The SD45 is a six-axle diesel-electric locomotive built by General Motors Electro-Motive Division between December, 1965, and December, 1971. It had an EMD 645E3 twenty-cylinder engine generating 3,600 HP. It had the same frame as the EMD SD38, EMD SD39, EMD SD40, and EMD SDP40.

1,260 units were built for American railroads before the SD45-2 appeared as its replacement. Other models, like the SD45T-2 'Tunnel Motor', were released in 1972.

SD45s had several teething problems. Reliability was not as high as anticipated, due to the twenty-cylinder prime mover's propensity to break its own crankshaft. Though it produced 600 horsepower (450 kW) more than the 16-645 in the SD40, some railroads felt it wasn't worth it, even after EMD redesigned the block to reduce crankshaft flexing.

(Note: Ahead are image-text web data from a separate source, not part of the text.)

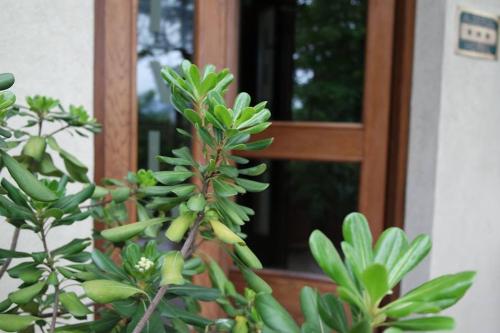 Hotel Livio, Brescia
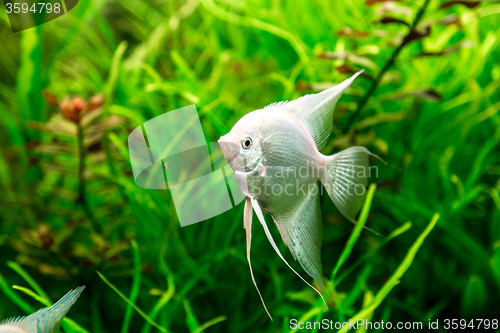 Image of Tropical fish PTEROPHYLLUM SCALARE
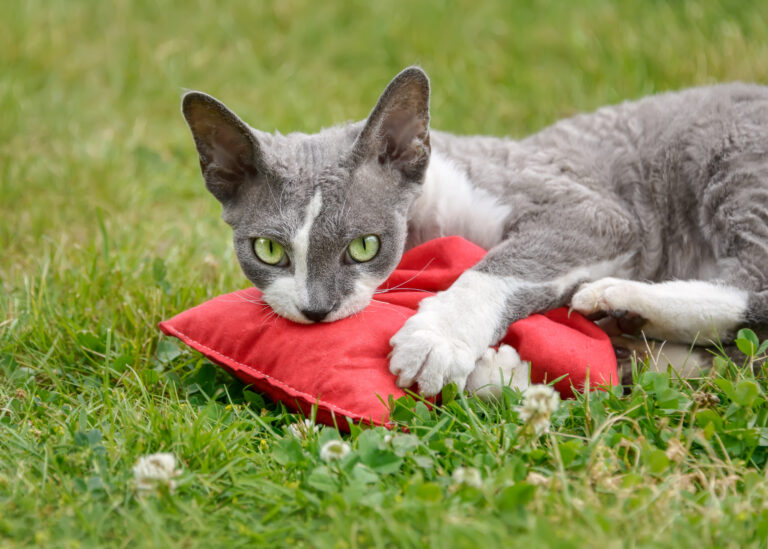 baldrian für katzen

Buyers included the Southern Pacific, Santa Fe, the Great Northern Railway, Union Pacific and the Northern Pacific Railway. (Contrary to what many believe, the SD45 was not a "gas guzzler." It produced more power per unit of fuel than its 3,000 hp (2,240 kW) counterpart, the SD40. It did consume more fuel at idle than the 16 cylinder prime mover in the SD40, and at the time US railroads typically left a locomotive idling when not in use.) Many SD45s still exist, some rebuilt with sixteen-cylinder 645s for lease companies. SD45s and SD45-2s owned by Montana Rail Link retain their 20 cylinder prime movers. Wisconsin Central used to roster a large fleet of SD45s, but its sale to CN has recently retired the entire fleet, with mass scrappings. Montana Rail Link is also starting to sell some for scrap.